Agarwal Manya, Mehta Shivangi, Sidana Ajeet, Bhattacharya Sushmita, Das Subhash
Department of Psychiatry, Government Medical College and Hospital, Chandigarh, India.
Department of Psychiatry, NEIGRIHMS, Shillong, Meghalaya, India.
Indian J Psychiatry. 2025 Jul;67(7):666-674. doi: 10.4103/indianjpsychiatry_757_24. Epub 2025 Jul 15.
Schizophrenia can coexist with obsessive-compulsive symptoms (OCSs). This study aimed to assess the efficacy of adding Fluoxetine-gold standard for the treatment of obsessive-compulsive disorder to the treatment regimen of patients with schizophrenia and OCS.
Patients diagnosed with schizophrenia (according to ICD-11) and OCS (assessed via the Y-BOCS Checklist) were randomized to either the Add-on Fluoxetine (received Fluoxetine in addition to their ongoing antipsychotic treatment) or the Antipsychotic only (continued with standard therapy) using a computer-generated random number table and assessed using PANSS, CGI-global impression, and SOFAS. Baseline assessments were conducted to evaluate sociodemographic and clinical factors and the severity of OCS. Both groups were monitored over 8 weeks for changes in psychotic and obsessive-compulsive symptoms.

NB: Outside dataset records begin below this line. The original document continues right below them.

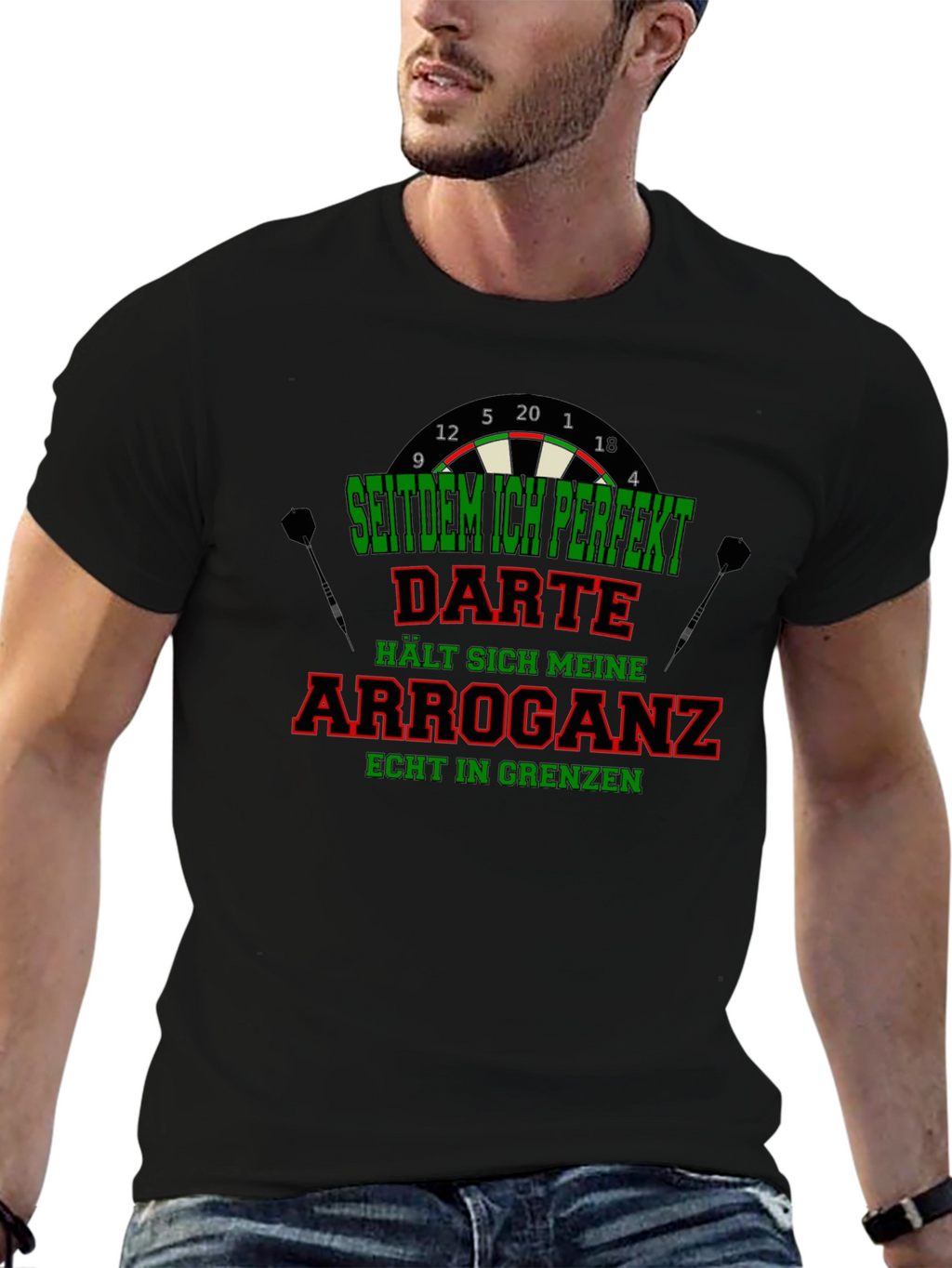 Funny Darts T-Shirt - Arrogance in Check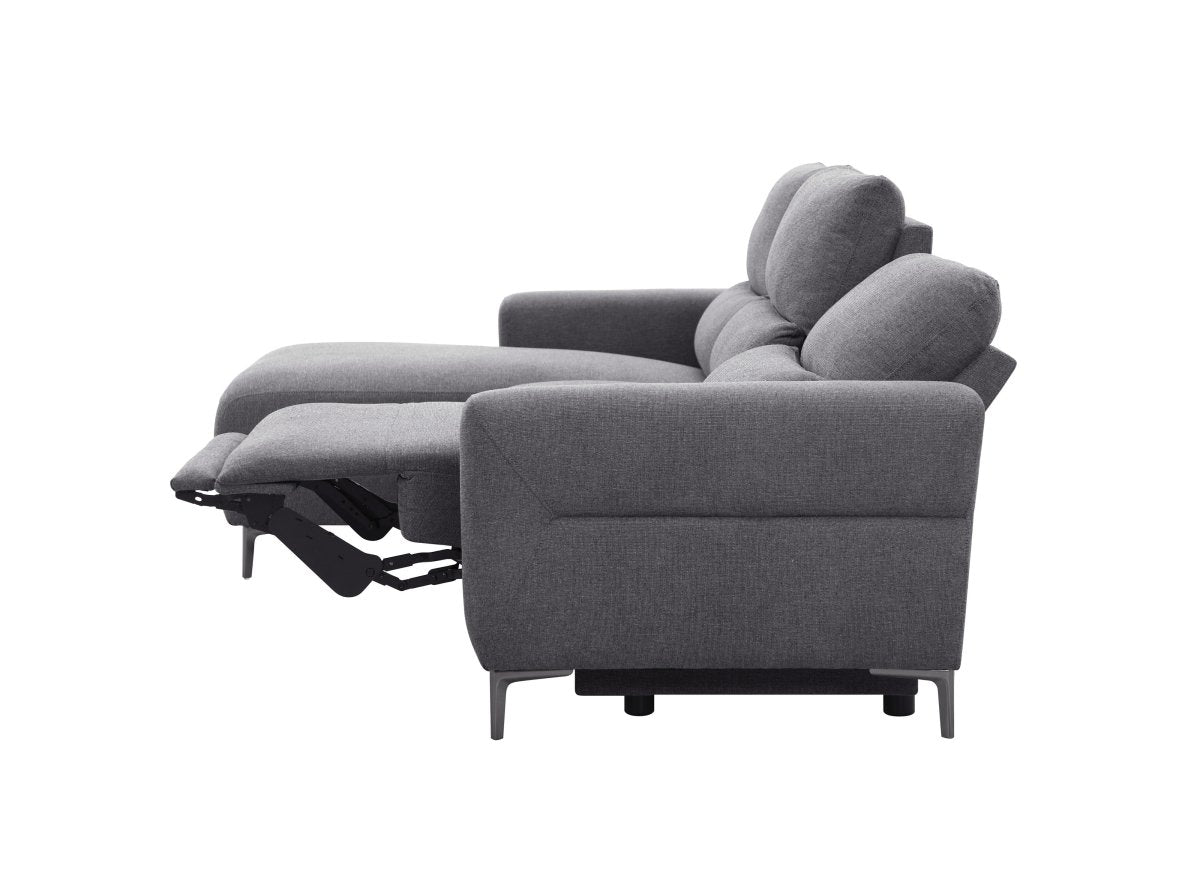 Canapé d'angle relax électrique en tissu gris foncé RAFAELA - Angle gauche - DécoInParis
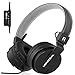 Active Noise Cancelling Headphones with Microphone/Controller, Monodeal Lightweight Wired Earphones On Ear, Deep Bass Foldable Travel Headset with Carrying Case, 20 Hours Playtime - Black …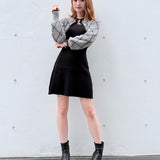 【予約商品11月中旬発送】ダイヤ柄シャギーボレロニットワンピース
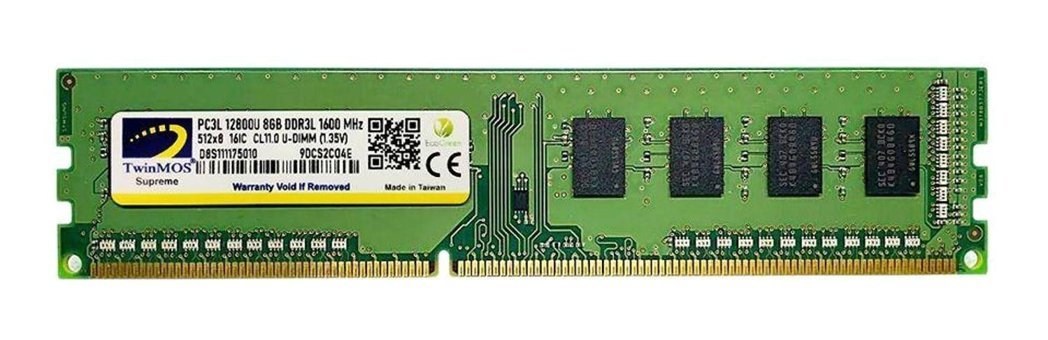 Twinmos MDD3L8GB1600D 8 GB DDR3 1x8 1600 MHz Ram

Seventy patients of schizophrenia with OCS were recruited, 35 in each group. Both groups demonstrated significant improvement over 8 weeks in psychotic and obsessive-compulsive symptoms. The Add-on Fluoxetine exhibited earlier and more pronounced symptom improvements. A significant difference was found in the YBOCS compulsion score, with a median score of 8 (7-10) in the Add-on Fluoxetine and 11 (9.5-12) in the Antipsychotic only ( value of 0.003). Add-on Fluoxetine had a lower median score on CGI global improvement, 3 (3-3), and CGI efficacy index, 10 (10-10), than the Antipsychotic only, 4 (3-4) and 14 (10-14), respectively ( value < 0.001). Fluoxetine was well tolerated, with minimal reported side effects.
The findings suggest that adjunctive Fluoxetine treatment led to early resolution of psychopathology and improved overall outcomes in schizophrenia with co-occurring OCS.
精神分裂症可与强迫症状(OCS)共存。本研究旨在评估在精神分裂症合并OCS患者的治疗方案中添加治疗强迫症的金标准药物氟西汀的疗效。
根据国际疾病分类第11版(ICD-11)诊断为精神分裂症且通过耶鲁布朗强迫症量表(Y-BOCS)评估为OCS的患者,使用计算机生成的随机数字表随机分为加用氟西汀组(在持续抗精神病治疗基础上加用氟西汀)或仅用抗精神病药物组(继续标准治疗),并使用阳性和阴性症状量表(PANSS)、临床总体印象量表(CGI-global impression)和功能大体评定量表(SOFAS)进行评估。进行基线评估以评价社会人口学和临床因素以及OCS的严重程度。两组均在8周内监测精神病性症状和强迫症状的变化。
招募了70例精神分裂症合并OCS的患者,每组35例。两组在8周内精神病性症状和强迫症状均有显著改善。加用氟西汀组症状改善更早且更明显。YBOCS强迫症状评分存在显著差异,加用氟西汀组中位数为8(7-10),仅用抗精神病药物组为11(9.5-12)(P值为0.003)。加用氟西汀组在CGI总体改善评分上的中位数低于仅用抗精神病药物组,分别为3(3-3)和4(3-4),在CGI疗效指数上的中位数也低于仅用抗精神病药物组,分别为10(10-10)和14((10-14)(P值<0.001)。氟西汀耐受性良好,报告的副作用极少。
研究结果表明,辅助使用氟西汀治疗可使合并OCS的精神分裂症患者的精神病理学症状早期缓解并改善总体结局。